About this exercise:
Your answer must restate the listing below word for word and contain no images.

Data:
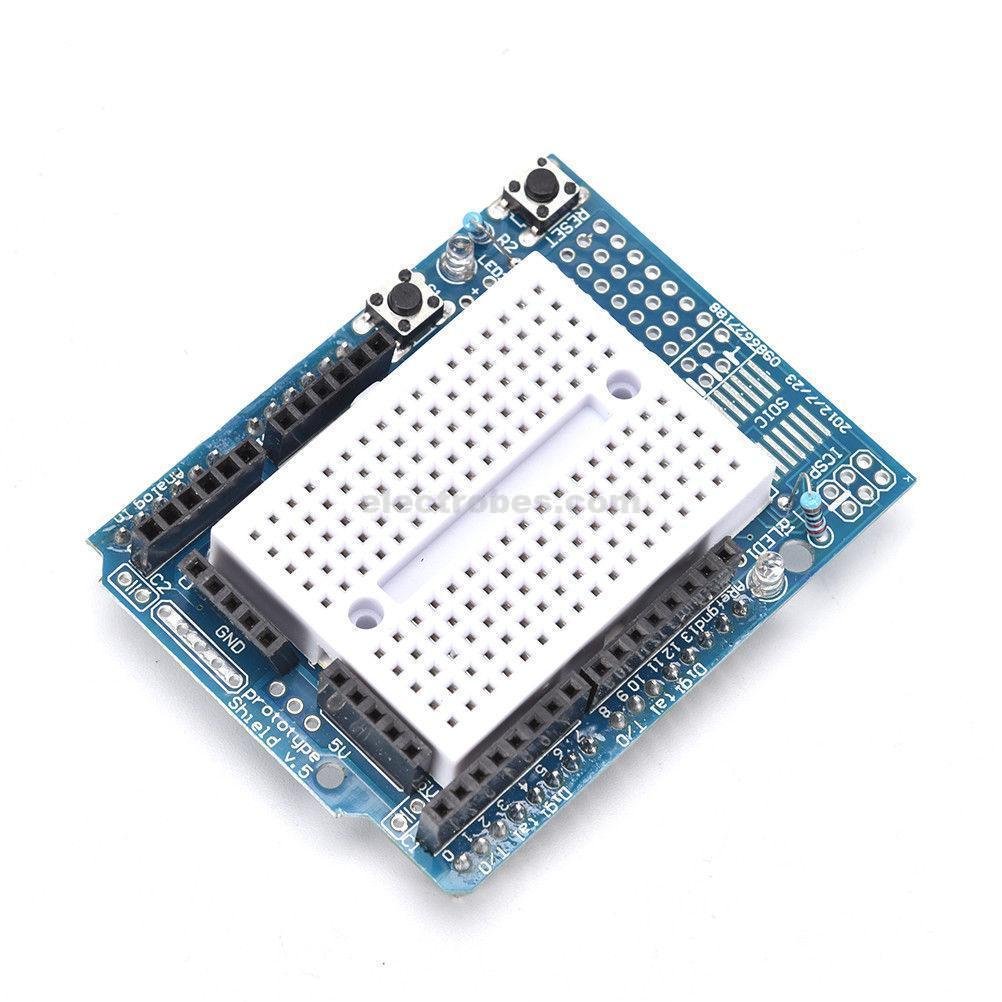 s-l1600_5e8ab1dd-d16c-405e-b90c-fa4a93371898_1024x1024.jpg Prototyping Prototype Shield with Mini Breadboard compatible with Arduino UNO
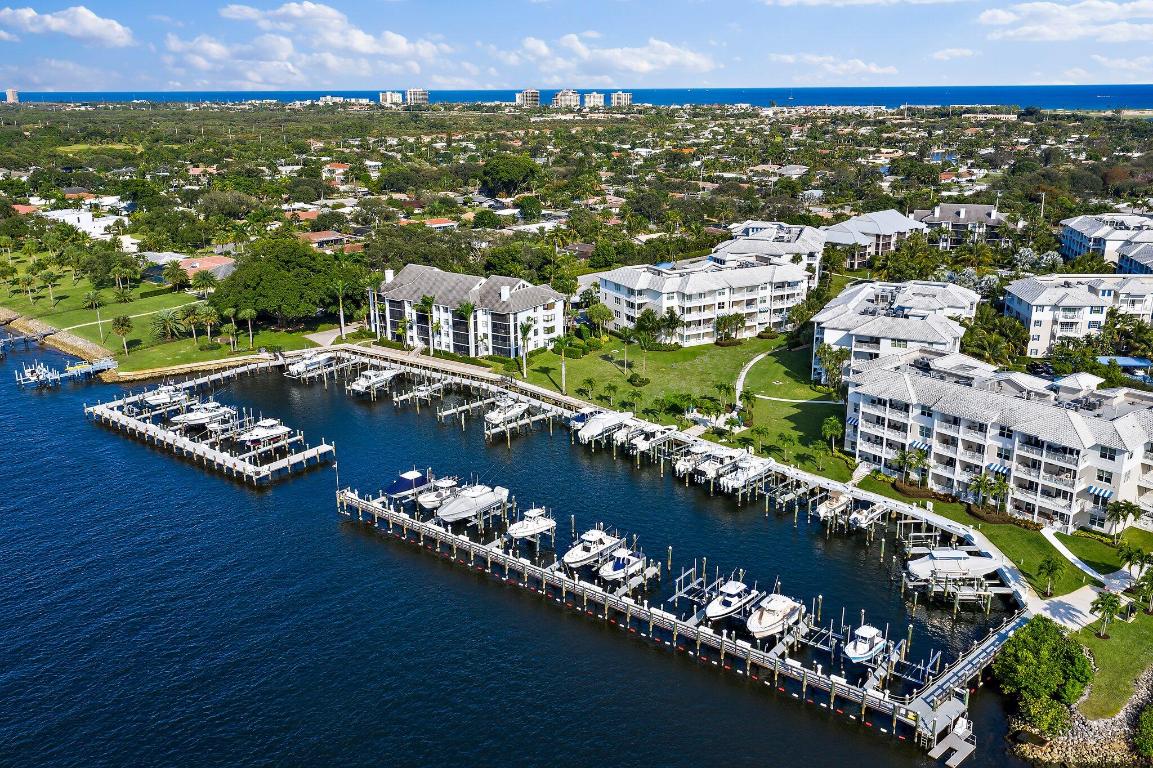 243 Bay Colony Drive N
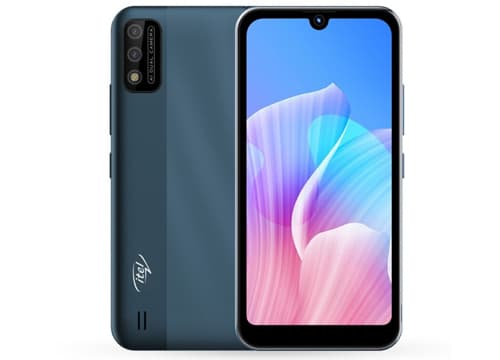 Itel A26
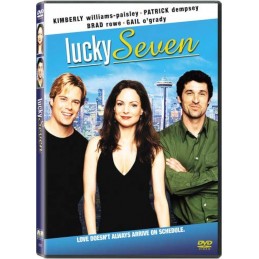 Lucky Seven (no cover)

Solution to the exercise:
 s-l1600_5e8ab1dd-d16c-405e-b90c-fa4a93371898_1024x1024.jpg Prototyping Prototype Shield with Mini Breadboard compatible with Arduino UNO
 243 Bay Colony Drive N
 Itel A26
 Lucky Seven (no cover)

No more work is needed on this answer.